Figure 1. (A) CT revealed multiple small nodules (red arrow) and effusion (blue circle) in the abdominal cavity; (B) CT showed uneven pelvic floor peritoneum, nodular thickening, and obvious enhancement (red arrow); (C) Magnetic resonance imaging showed that the omentum changed in cake shape (red arrow); (D) Magnetic resonance imaging showed uterine (red arrow) and fallopian tube (blue arrow) involvement. (E) CT showed the peritoneal nodules disappeared and no obvious enhancement was observed; (F) CT showed that the small tubercles in the abdominal cavity were significantly reduced and the abdominal effusion had disappeared.

Figure 2

Figure 2. (A) Bloody ascites; (B) Cytological examination of ascites showed multiple clusters of adenocarcinoma cells.

Figure 3

Figure 3. (A) Multiple nodules were observed in the greater omental tissue of the abdominal cavity. (B) Microscopy revealed epithelial tumors with necrosis and large amounts of sand-like calcification; (C) Tumor cell nuclei displayed marked pleomorphism and membrane irregularities; (D) One tumor involved the surface of the left ovary; (E) Another tumor involved the surface of the right ovary; (F–H) The expression of CA125, ER and Pax 8 markers was strongly positive; (I) The expression of calretinin was negative.

Figure 4

Figure 4. NGS showed BRCA2 mutation.

Discussion

Decades after menopause, women show higher rates of PPC, which may be related to their long-term hormone levels. However, the incidence of PPC is low, whereas that of EOC is four times higher (10). Most patients with PPC are treated at an advanced stage and the therapeutic effect is not ideal. The survival of patients with PPC is shorter than that of patients with ovarian cancer, with a poor prognosis. Compared with patients with EOC, those with PPC tend to be older at diagnosis and occur almost exclusively in postmenopausal women. Patients with PPC usually present with nonspecific abdominal symptoms such as pain, bloating or fullness, nausea, vomiting, and a gradual increase in abdominal circumference. In terms of gross presentation, PPC are characterized by multiple soft tissue nodules along the peritoneal and greater omental surfaces, sometimes with larger or fused masses.

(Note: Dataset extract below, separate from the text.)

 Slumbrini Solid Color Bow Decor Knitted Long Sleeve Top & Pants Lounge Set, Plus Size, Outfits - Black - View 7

According to the histological classification of female genital tumors established by the World Health Organization, the pathological types of PPC include serous carcinoma, mucinous carcinoma, endometrioid carcinoma, clear cell carcinoma, transitional cell, mixed, and undifferentiated carcinoma (11). Serous carcinoma is the most common histopathological subtype of primary peritoneal serous papillary carcinoma, a rare PPC mainly found in the elderly and postmenopausal women. The Gynecologic Oncology Group has established the following diagnostic criteria for PPC (6): First, both ovaries are normal in size or enlarged by an unrelated condition. Second, extraovarian involvement must be greater than the involvement of the surface of either ovary, if any. Third, microscopically, the ovaries are not involved with the tumor or exhibit only serosal or cortical invasion with dimensions smaller than 5.0 × 5.0 mm. Fourth, the histopathological characteristics of the tumors should be predominantly serous. Based on these criteria, once a diagnosis of PPC is confirmed, surgical cytoreduction and chemotherapy are the main therapeutic options (6).

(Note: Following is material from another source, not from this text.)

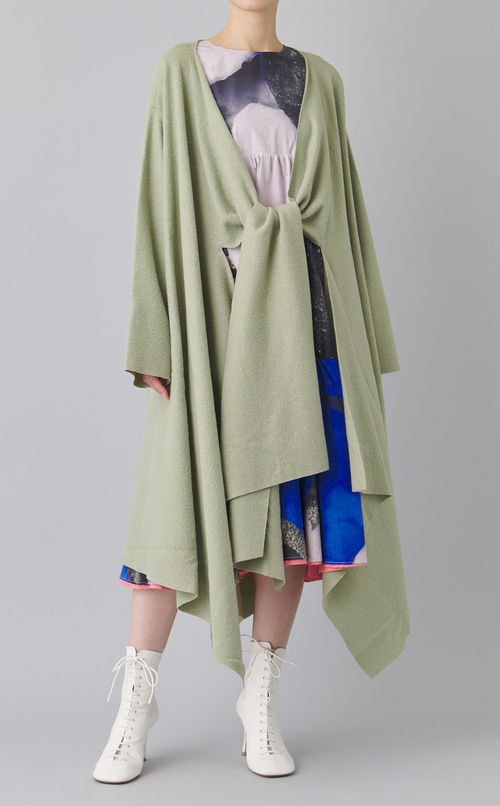 ウールラップコートドレス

A previous study reported that 21.2% (11/52) of patients with PPC harbored BRCA mutations (12). Therefore, it is important to establish the BRCA1/2 mutation status of patients who may be eligible for maintenance therapy following the completion of platinum-based first-line chemotherapy. Olaparib maintenance therapy resulted in a higher progression-free survival (PFS) than placebo in patients with BRCA mutations. PARP inhibitors are particularly effective in patients with BRCA1/2 mutations and their use has been shown to prolong patient survival (13). Immunotherapy has shown promise in the treatment of advanced cancer; however, its role in the treatment of PPC remains unknown (14). Homologous recombination inhibitor maintenance therapy is advised for patients without BRCA1/2 mutations. In this case, the patient had a BRCA2 germline mutation, whereas her daughter tested negative for the serum BRAC gene mutation test, indicating that the mutant gene had not been passed on to her daughter. Our patient’s symptoms were greatly relieved and the prognosis was good with olaparib-targeted maintenance therapy.

Conclusions

PPC is a relatively rare disease with a high rate of misdiagnosis. In particular, it is difficult to distinguish from advanced EOC. With improvements in surgical procedures, examinations, imaging technology, and pathology, our understanding of PPC is gradually expanding. However, owing to its low incidence, many clinical studies have encountered difficulties. In the future, multicenter cooperation may be necessary to further study the clinical characteristics and prognosis of PPC to achieve accurate diagnosis and treatment of this rare disease.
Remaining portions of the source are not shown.